Gracias a las dos por la entrega e ilusión que han puesto en su trabajo. Sin duda que como decía Marta, en el aeropuerto, siempre hay un antes y un después de esta experiencia.
Un día en el Valle de Elías Piña, es un día muy largo. Comienza al clarear el día y después de tres turnos de trabajos la noche nos dice que es hora de descansar. Nos lo ha descrito Marta. Los iremos compartiendo por tramos.

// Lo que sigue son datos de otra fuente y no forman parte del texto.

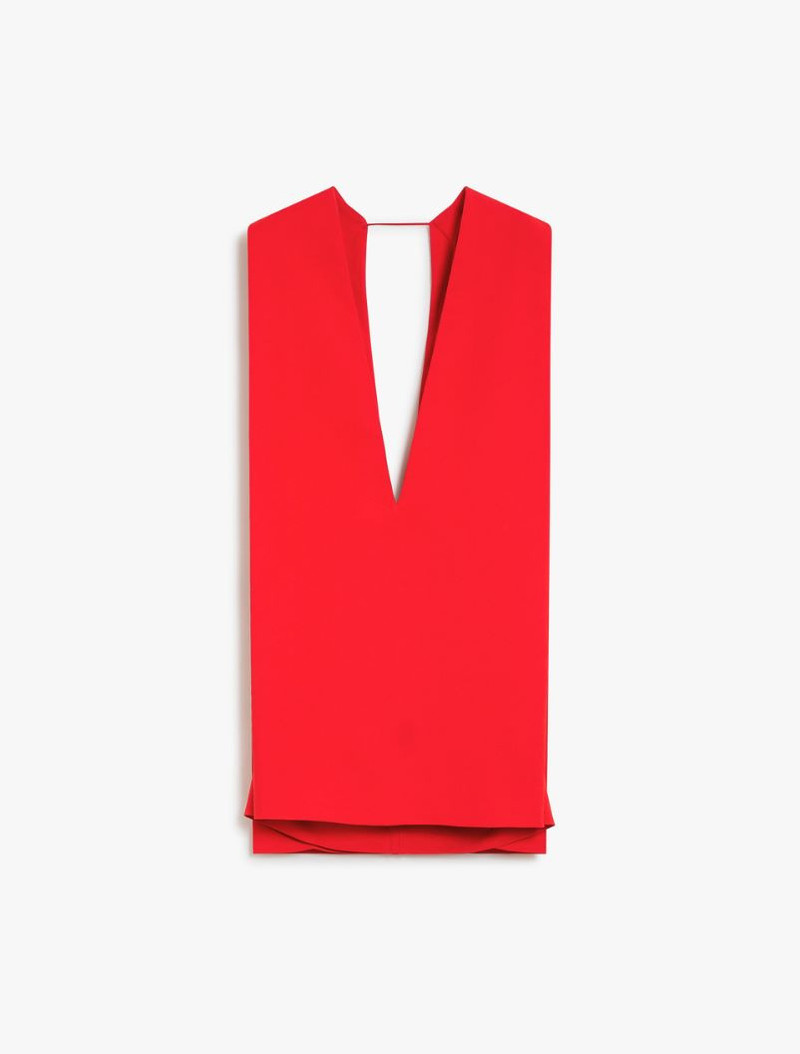 Short stretch viscose dress - RUNWAY - 1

Hoy compartimos el final de su escrito.
Cada día que pasa, descubres y aprendes algo nuevo de la pobreza que allí se respira
Y cada día que pasa la Comunidad del Valle de Elías Piña se desarrolla gota a gota.
Ahora ya estoy en España, aunque algún kg y la mente está en el Valle, después de cinco meses y medio cargado de trabajo y emociones viviendo esta experiencia tan intensa, favorecedora para mi persona y muy satisfecha de haber colaborado en esta comunidad.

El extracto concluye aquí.